Cristina’s is the anti-Starbucks. It’s is owned and run by two sisters—Wendy Cristina Willis and Crissy Florencia Willis. It is a funky, warm place where the baked goods are fresh and produced locally, and where there’s live music on Friday and Saturday nights (and open mic nights on Sundays). The menu items are written in colored chalk on blackboards.
Don’t get me wrong, I am not anti-Starbucks. (There appears to be, by the way, a large anti-Starbucks crowd. A search of “anti-Starbucks” on Facebook turned up dozens of pages, with names like "Anti-Creeps Who Hang Out at Starbucks," "Starbucks Hates our Troops," and "Against the New Starbucks Hats.") The Bethesda Magazine office is directly above the Starbucks on Woodmont Avenue in Bethesda–and I spend a fair amount of time (and money) there.
In addition, I’m a fan of Betheda’s Quartermaine Coffee Roasters, which is locally owned, but is closer in ambiance to Starbucks than to Cristina’s. (That may be because Roger Scheumann, one of the owners of Quartermaine’s, worked at Starbucks in Seattle in the early days and his stepfather was one of Starbuck’s founders.)
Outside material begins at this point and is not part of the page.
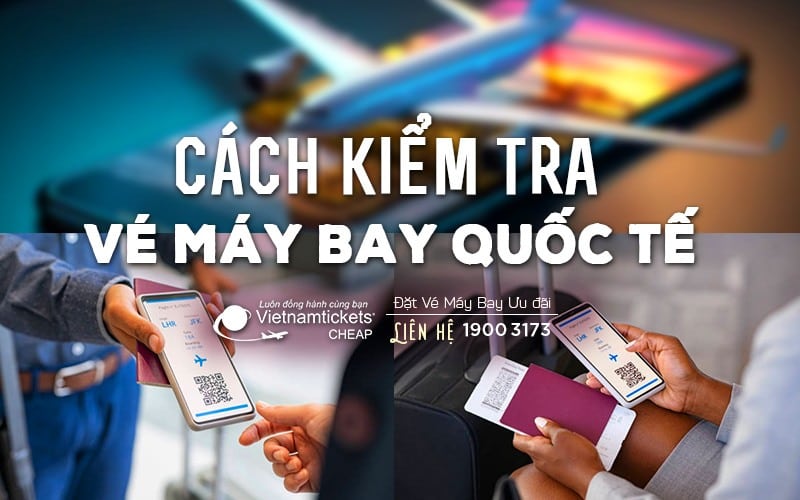 Cách kiểm tra vé máy bay quốc tế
In the last year we’ve seen the closing of two of the few independent coffee shops in Montgomery County—Mayorga Coffee in Silver Spring and the Savory Café in Takoma Park. The blueberry pie at the Savory was so good that my wife Susan and I on several occasions had dinner in Bethesda and then drove to Takoma Park for desert.
The website Indiecoffeeshops.com lists 2,456 such shops nationwide. Only one, a Mayorga location in Rockville’s King Farms neighborhood, is in Montgomery County.
When I’ve asked restaurateurs and developers why there are no local independent coffee houses, I always get the same response: the rents are too high. But if you travel to other affluent (and expensive) locales, such as Santa Barbara, Palo Alto and Boulder, there are small coffee shops galore. Surely, there must be another explanation.
If a coffee shop like Cristina’s opened in the Bethesda area, it would be a gathering place and community builder. It would bring authenticity to a restaurant scene that is increasingly becoming dominated by chains. I’m hoping that in 2011 someone (perhaps two sisters from Strasburg?) see—and seize—the opportunity here.